Can't add much to the “good defeat” concept except that there's no such thing even though I get what you mean.

There's nothing to overreact to from Friday. I came reasonably close to calling Glavine “Tom” for the first time when he escaped one jam or another. Despite that unlikely flirt with familiarity, I wouldn't overreact that he's come around once and for all, but he did his part in this Brave-on-Brave pitchfest and for that I am grateful. I noticed after he had an easy first, he stopped to ask the home plate ump something. Was he told, “No, we're not giving that outside strike anymore”? If that's what he learned, may he continue to use that knowledge for good.

Gary Cohen called David Wright a Brave killer after he hit his homer. He has nine in his one-year career against them. He and Howie were all “about freaking time we have one of those.” When he launched his deep fly ball in the ninth, I thought it had to go out.
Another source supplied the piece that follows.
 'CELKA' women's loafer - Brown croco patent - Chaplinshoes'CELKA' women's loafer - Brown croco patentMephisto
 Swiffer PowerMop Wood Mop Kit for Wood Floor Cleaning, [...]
He's a Brave killer, right? If it were Chipper or Burrell or Preston (hello, hello again) against us, it would have. We just don't have our intradivisional killer instinct up to speed yet. It will come. Wright?

We should, however, fire the entire grounds crew. Pebble? A pebble!? Let me get this straight: You have one job — to make the field playable. This isn't “your job is to go out and try to hit a 95 MPH heater from Brad Lidge.” You could try your best to do that and likely fail. That's acceptable. This is dozens of men versus an minute but visible inert object. How could the pebble emerge victorious? Why are we buying dirt with pebbles anyway? How can an organization paying $100 million in salaries and taking in who knows how much from us eight different ways not be assigning an intern to pick out pebbles before they nearly kill our shortstop?

On the out-of-town scoreboard, Ex-Met, Ex-Brave and Eternal Yankee Mike Stanton balked in the losing run for the Nationals in Milwaukee. Hasn't been a particularly good month for the lefty law firm that used to run our clubhouse.

And in the there's no need to embellish it department, the MLB Game Break Thursday night on DiamondVision wasn't an update on Marlins-Phillies or Yankees-Red Sox but Tigers-Royals.

With nothing left to curse at except the standings, let's turn our attention to one name that encompasses three men of the moment. The Password is Rafael. Betty White, why don't you start us off?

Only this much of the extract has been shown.